### THE INPUT
....

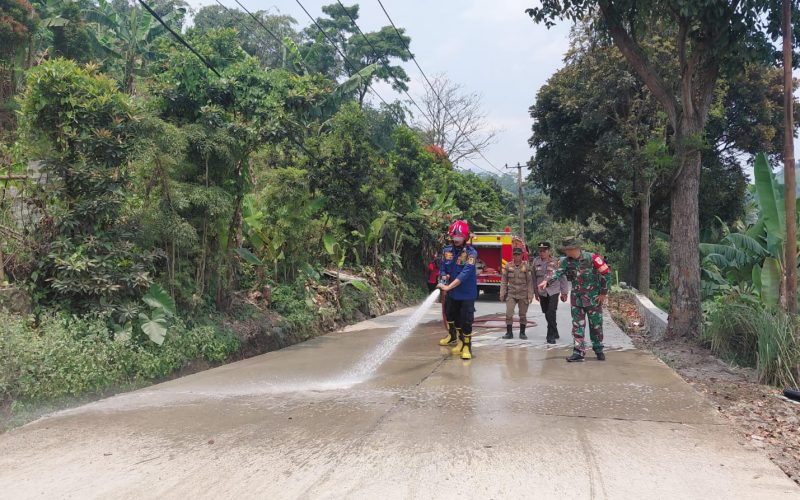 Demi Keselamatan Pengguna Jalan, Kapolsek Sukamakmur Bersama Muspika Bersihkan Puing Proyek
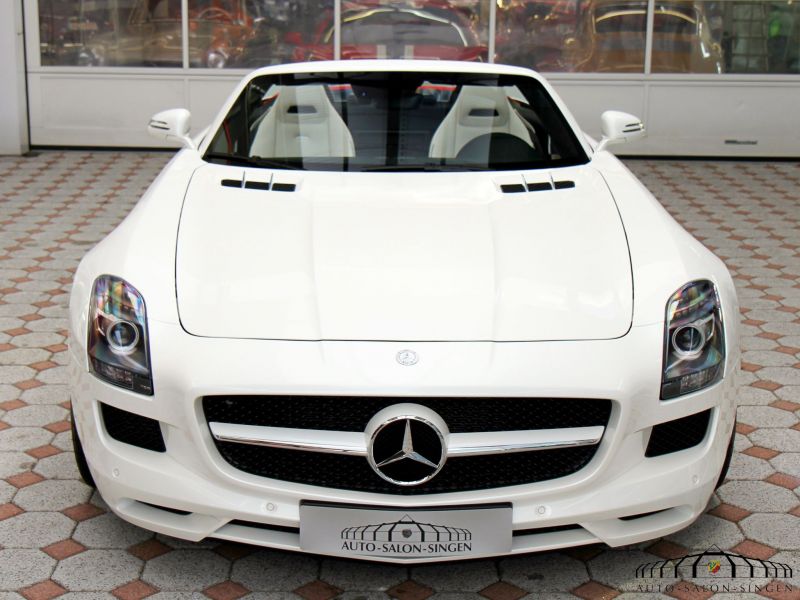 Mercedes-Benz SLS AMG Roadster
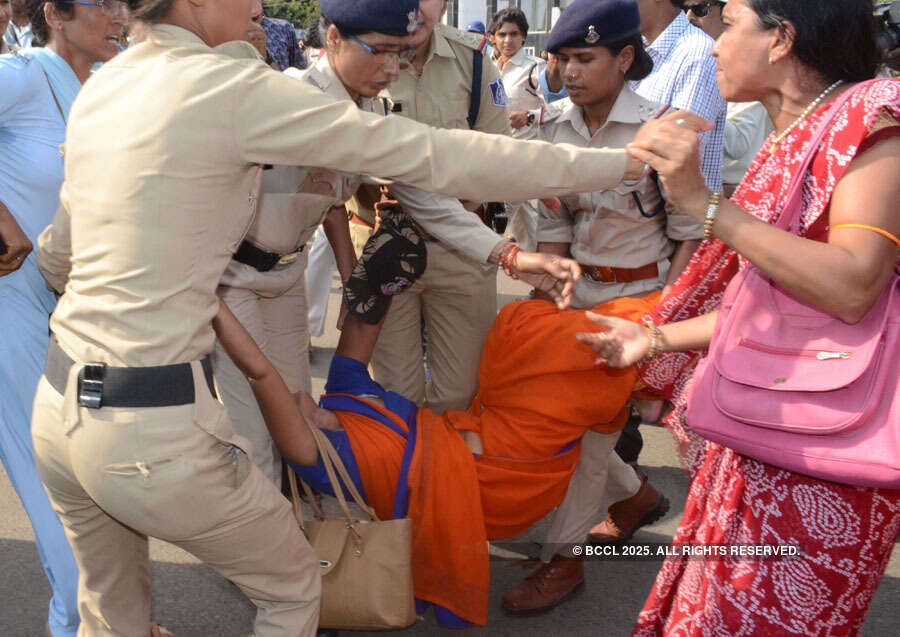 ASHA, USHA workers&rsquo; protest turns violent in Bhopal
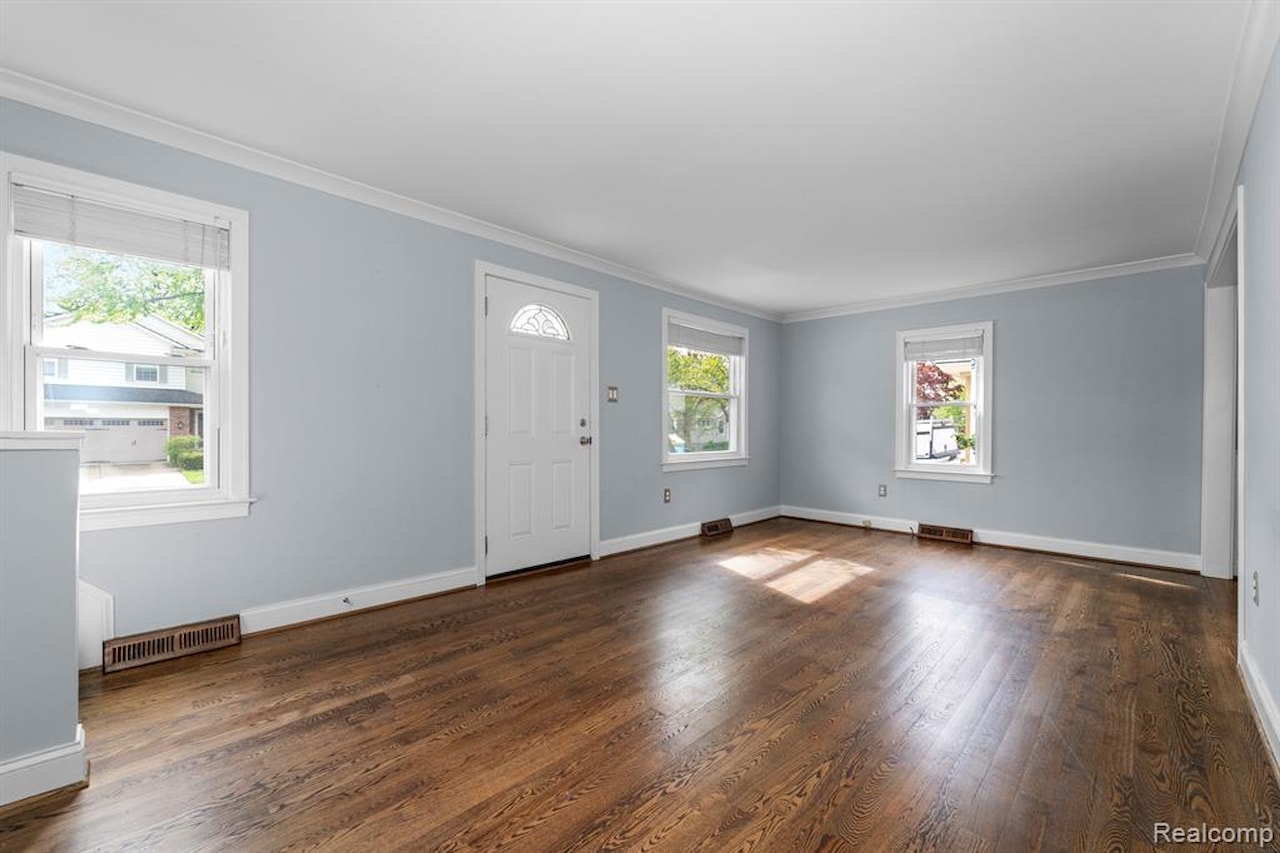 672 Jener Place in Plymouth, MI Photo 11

....

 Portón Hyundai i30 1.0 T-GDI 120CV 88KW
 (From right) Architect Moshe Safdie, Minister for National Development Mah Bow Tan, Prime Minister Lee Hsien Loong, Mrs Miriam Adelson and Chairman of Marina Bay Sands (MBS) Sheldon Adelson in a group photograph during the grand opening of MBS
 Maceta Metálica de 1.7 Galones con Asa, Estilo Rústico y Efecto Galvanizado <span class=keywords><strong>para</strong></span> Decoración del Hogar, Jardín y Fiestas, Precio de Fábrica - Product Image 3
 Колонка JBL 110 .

....

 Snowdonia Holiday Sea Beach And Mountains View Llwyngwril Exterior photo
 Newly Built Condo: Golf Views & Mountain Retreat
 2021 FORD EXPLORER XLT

....

### EXERCISE OBJECTIVE
Starting with the line that holds "Portón Hyundai i30 1.0 T-GDI 120CV 88KW" and ending with the line that holds "Колонка JBL 110 .", retype every line in the data above exactly, and nothing else.

### SOLUTION TO THIS EXERCISE
 Portón Hyundai i30 1.0 T-GDI 120CV 88KW
 (From right) Architect Moshe Safdie, Minister for National Development Mah Bow Tan, Prime Minister Lee Hsien Loong, Mrs Miriam Adelson and Chairman of Marina Bay Sands (MBS) Sheldon Adelson in a group photograph during the grand opening of MBS
 Maceta Metálica de 1.7 Galones con Asa, Estilo Rústico y Efecto Galvanizado <span class=keywords><strong>para</strong></span> Decoración del Hogar, Jardín y Fiestas, Precio de Fábrica - Product Image 3
 Колонка JBL 110 .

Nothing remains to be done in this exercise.